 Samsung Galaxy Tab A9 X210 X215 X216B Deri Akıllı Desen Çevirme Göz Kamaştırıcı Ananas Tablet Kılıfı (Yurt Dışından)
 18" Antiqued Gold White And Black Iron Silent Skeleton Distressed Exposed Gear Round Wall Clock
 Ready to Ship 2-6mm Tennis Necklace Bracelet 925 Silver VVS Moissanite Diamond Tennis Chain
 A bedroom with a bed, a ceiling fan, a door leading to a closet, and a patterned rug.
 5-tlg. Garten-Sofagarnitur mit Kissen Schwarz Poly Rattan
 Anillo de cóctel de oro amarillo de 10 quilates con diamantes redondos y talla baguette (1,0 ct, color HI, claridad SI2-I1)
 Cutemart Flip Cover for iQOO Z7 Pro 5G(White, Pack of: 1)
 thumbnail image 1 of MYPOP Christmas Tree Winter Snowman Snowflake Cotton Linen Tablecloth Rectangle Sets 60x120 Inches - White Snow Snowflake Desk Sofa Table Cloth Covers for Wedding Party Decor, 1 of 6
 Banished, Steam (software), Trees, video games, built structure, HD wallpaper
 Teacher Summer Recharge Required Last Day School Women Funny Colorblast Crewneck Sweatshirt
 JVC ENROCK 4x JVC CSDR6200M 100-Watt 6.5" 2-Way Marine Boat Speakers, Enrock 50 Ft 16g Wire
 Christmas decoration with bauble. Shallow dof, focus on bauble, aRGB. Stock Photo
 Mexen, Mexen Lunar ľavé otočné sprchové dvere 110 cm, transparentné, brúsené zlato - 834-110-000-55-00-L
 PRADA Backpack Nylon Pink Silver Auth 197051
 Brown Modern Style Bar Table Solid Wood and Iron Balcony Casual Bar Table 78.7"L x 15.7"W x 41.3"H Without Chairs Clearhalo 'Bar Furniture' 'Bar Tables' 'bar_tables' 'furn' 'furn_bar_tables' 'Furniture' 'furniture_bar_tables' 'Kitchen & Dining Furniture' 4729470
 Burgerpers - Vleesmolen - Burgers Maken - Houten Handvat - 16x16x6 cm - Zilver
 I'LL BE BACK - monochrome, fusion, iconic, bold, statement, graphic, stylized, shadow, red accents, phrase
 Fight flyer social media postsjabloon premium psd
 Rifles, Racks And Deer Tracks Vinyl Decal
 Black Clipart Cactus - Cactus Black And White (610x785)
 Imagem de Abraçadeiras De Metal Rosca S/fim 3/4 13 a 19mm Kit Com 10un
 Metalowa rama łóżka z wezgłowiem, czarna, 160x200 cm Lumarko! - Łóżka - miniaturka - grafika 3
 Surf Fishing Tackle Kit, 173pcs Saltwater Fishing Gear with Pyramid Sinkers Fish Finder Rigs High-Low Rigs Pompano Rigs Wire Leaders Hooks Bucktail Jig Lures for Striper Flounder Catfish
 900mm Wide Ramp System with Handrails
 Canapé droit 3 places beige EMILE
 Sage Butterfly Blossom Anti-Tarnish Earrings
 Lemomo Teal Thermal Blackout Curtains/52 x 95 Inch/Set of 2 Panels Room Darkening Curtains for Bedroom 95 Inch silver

___

The problem:
From the records above, extract every entry exactly as given.

Answer to the exercise:
 Samsung Galaxy Tab A9 X210 X215 X216B Deri Akıllı Desen Çevirme Göz Kamaştırıcı Ananas Tablet Kılıfı (Yurt Dışından)
 18" Antiqued Gold White And Black Iron Silent Skeleton Distressed Exposed Gear Round Wall Clock
 Ready to Ship 2-6mm Tennis Necklace Bracelet 925 Silver VVS Moissanite Diamond Tennis Chain
 A bedroom with a bed, a ceiling fan, a door leading to a closet, and a patterned rug.
 5-tlg. Garten-Sofagarnitur mit Kissen Schwarz Poly Rattan
 Anillo de cóctel de oro amarillo de 10 quilates con diamantes redondos y talla baguette (1,0 ct, color HI, claridad SI2-I1)
 Cutemart Flip Cover for iQOO Z7 Pro 5G(White, Pack of: 1)
 thumbnail image 1 of MYPOP Christmas Tree Winter Snowman Snowflake Cotton Linen Tablecloth Rectangle Sets 60x120 Inches - White Snow Snowflake Desk Sofa Table Cloth Covers for Wedding Party Decor, 1 of 6
 Banished, Steam (software), Trees, video games, built structure, HD wallpaper
 Teacher Summer Recharge Required Last Day School Women Funny Colorblast Crewneck Sweatshirt
 JVC ENROCK 4x JVC CSDR6200M 100-Watt 6.5" 2-Way Marine Boat Speakers, Enrock 50 Ft 16g Wire
 Christmas decoration with bauble. Shallow dof, focus on bauble, aRGB. Stock Photo
 Mexen, Mexen Lunar ľavé otočné sprchové dvere 110 cm, transparentné, brúsené zlato - 834-110-000-55-00-L
 PRADA Backpack Nylon Pink Silver Auth 197051
 Brown Modern Style Bar Table Solid Wood and Iron Balcony Casual Bar Table 78.7"L x 15.7"W x 41.3"H Without Chairs Clearhalo 'Bar Furniture' 'Bar Tables' 'bar_tables' 'furn' 'furn_bar_tables' 'Furniture' 'furniture_bar_tables' 'Kitchen & Dining Furniture' 4729470
 Burgerpers - Vleesmolen - Burgers Maken - Houten Handvat - 16x16x6 cm - Zilver
 I'LL BE BACK - monochrome, fusion, iconic, bold, statement, graphic, stylized, shadow, red accents, phrase
 Fight flyer social media postsjabloon premium psd
 Rifles, Racks And Deer Tracks Vinyl Decal
 Black Clipart Cactus - Cactus Black And White (610x785)
 Imagem de Abraçadeiras De Metal Rosca S/fim 3/4 13 a 19mm Kit Com 10un
 Metalowa rama łóżka z wezgłowiem, czarna, 160x200 cm Lumarko! - Łóżka - miniaturka - grafika 3
 Surf Fishing Tackle Kit, 173pcs Saltwater Fishing Gear with Pyramid Sinkers Fish Finder Rigs High-Low Rigs Pompano Rigs Wire Leaders Hooks Bucktail Jig Lures for Striper Flounder Catfish
 900mm Wide Ramp System with Handrails
 Canapé droit 3 places beige EMILE
 Sage Butterfly Blossom Anti-Tarnish Earrings
 Lemomo Teal Thermal Blackout Curtains/52 x 95 Inch/Set of 2 Panels Room Darkening Curtains for Bedroom 95 Inch silver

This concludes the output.